Richard the Lionheart has long been considered the greatest heroic figure in the history of the Christian world. Born as the third son of Henry II and Eleanor of Aquitaine, he became King of England and ruler of the Angevin Empire at the age of thirty-two, following the deaths of his two elder brothers. Already established as Europe's finest soldier, he undertook the Third Crusade to come to the aid of Jerusalem, which had recently fallen to Saladin. Richard's epic military and strategic achievements in confronting Saladin's vast armies on his home soil were repeatedly punctuated by the acts of extraordinary personal courage, which made him a legend. From the age of fifteen, at his father's instruction, Richard had kept a series of journals recording all of the personal aspects of his daily life. On his death, according to his instructions, the diaries passed to his wife Berengaria. She was buried clasping the diaries to her chest. For over seven hundred years the diaries lay entombed with her in a crypt in a French abbey. Then, following the Nazi invasion of France in 1940, Berengaria's grave was opened and the diaries were removed and secretly taken to Germany to a private collection. Whilst at Oxford University in the 1980s, Chris Manson had first learned of the possibility of the existence of the diaries of Richard the Lionheart in a series of private tutorials. Recently, after an extensive search, he finally discovered their location. Unfortunately, only parts of the diaries remained legible, the rest having been destroyed by mildew and other corrosives. Following exhaustive verification carried out by experts across a number of fields, he bought these Latin mantuscripts. He has spent the past eighteen months translating the diaries. Historians and academics have wondered for centuries why Richard did certain things, but only now can we gain a genuine understanding of the events that drove him to act in the way that he did.
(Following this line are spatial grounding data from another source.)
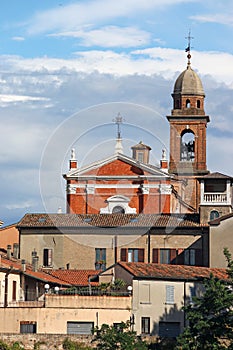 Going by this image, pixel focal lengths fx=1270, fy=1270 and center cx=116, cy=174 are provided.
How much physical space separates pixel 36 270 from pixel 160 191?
1974 cm

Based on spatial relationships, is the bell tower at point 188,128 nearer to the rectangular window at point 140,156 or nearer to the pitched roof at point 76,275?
the rectangular window at point 140,156

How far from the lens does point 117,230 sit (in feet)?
247

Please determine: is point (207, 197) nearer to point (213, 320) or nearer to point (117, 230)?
point (117, 230)

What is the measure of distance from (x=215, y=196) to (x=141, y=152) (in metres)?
16.5

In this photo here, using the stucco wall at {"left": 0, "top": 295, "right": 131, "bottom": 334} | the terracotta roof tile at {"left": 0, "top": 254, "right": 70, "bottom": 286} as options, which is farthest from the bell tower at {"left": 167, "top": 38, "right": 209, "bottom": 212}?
the stucco wall at {"left": 0, "top": 295, "right": 131, "bottom": 334}

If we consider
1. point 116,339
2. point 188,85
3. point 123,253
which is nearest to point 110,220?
point 123,253

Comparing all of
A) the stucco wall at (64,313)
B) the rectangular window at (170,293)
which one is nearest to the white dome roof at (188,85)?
the rectangular window at (170,293)

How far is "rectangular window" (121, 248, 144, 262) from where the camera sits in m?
73.8

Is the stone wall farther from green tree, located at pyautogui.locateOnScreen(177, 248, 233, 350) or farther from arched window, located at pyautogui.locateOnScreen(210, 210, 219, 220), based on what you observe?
arched window, located at pyautogui.locateOnScreen(210, 210, 219, 220)

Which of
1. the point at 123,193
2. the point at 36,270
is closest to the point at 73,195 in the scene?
the point at 123,193

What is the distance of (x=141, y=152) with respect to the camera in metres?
91.1

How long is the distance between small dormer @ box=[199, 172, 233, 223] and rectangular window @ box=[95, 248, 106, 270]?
Result: 6.12 metres

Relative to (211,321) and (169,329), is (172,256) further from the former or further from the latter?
(211,321)

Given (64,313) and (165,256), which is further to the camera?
(165,256) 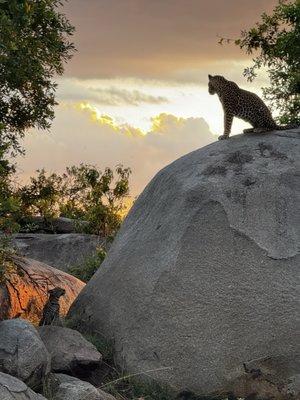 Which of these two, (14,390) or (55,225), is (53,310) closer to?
(14,390)

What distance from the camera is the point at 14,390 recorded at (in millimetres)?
8828

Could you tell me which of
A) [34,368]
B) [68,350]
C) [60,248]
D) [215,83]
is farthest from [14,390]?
[60,248]

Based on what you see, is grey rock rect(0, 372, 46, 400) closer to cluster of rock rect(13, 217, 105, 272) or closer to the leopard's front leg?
the leopard's front leg

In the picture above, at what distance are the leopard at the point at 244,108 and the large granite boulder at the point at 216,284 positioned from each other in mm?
985

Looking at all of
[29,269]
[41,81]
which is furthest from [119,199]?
[29,269]

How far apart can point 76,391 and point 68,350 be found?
1.27 metres

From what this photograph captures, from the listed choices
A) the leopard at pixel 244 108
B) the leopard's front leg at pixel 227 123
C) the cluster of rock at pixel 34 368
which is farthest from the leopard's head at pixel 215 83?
the cluster of rock at pixel 34 368

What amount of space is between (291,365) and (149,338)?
7.25 feet

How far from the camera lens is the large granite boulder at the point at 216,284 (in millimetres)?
10977

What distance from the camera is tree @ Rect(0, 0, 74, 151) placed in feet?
51.6

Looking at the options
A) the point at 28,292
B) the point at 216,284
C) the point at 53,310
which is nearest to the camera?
the point at 216,284

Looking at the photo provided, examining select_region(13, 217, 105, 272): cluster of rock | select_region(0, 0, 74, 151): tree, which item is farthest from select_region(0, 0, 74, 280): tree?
select_region(13, 217, 105, 272): cluster of rock

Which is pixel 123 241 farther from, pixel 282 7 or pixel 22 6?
pixel 282 7

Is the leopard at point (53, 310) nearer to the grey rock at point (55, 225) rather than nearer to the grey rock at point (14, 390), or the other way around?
the grey rock at point (14, 390) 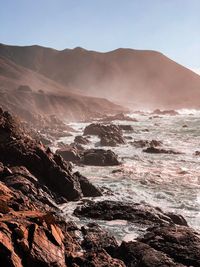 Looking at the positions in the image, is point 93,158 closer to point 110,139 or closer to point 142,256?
point 110,139

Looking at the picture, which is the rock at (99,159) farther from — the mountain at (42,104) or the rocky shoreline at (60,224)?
the mountain at (42,104)

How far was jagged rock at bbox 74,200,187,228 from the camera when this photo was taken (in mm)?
20422

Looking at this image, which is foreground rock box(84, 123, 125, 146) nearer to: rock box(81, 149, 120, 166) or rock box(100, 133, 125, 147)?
rock box(100, 133, 125, 147)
Now published for the first time, these diaries provide a unique, personal insight into the legend of the man universally known in his own time as the 'greatest king who ever lived
Author Biography
Chris Manson was educated on a Senior Foundation Scholarship at St Paul's School, London and at St John's College in the University of Oxford where he read history, with the Crusades as a special subject. He then developed a successful business career at PricewaterhouseCoopers, Andrew Lloyd Webber's Really Useful Group and at Chelsea Football Club. In 1999 he co-founded sit-up television, which he sold to Virgin Media six years later. He was elected an Ernst and Young Entrepreneur of the Year in 2005, and five years later founded Blott, one of Britain's fastest growing retailers. He and his family divide their time between homes in Zermatt in Switzerland, Quinta do Lago in Portugal and Oxford, England.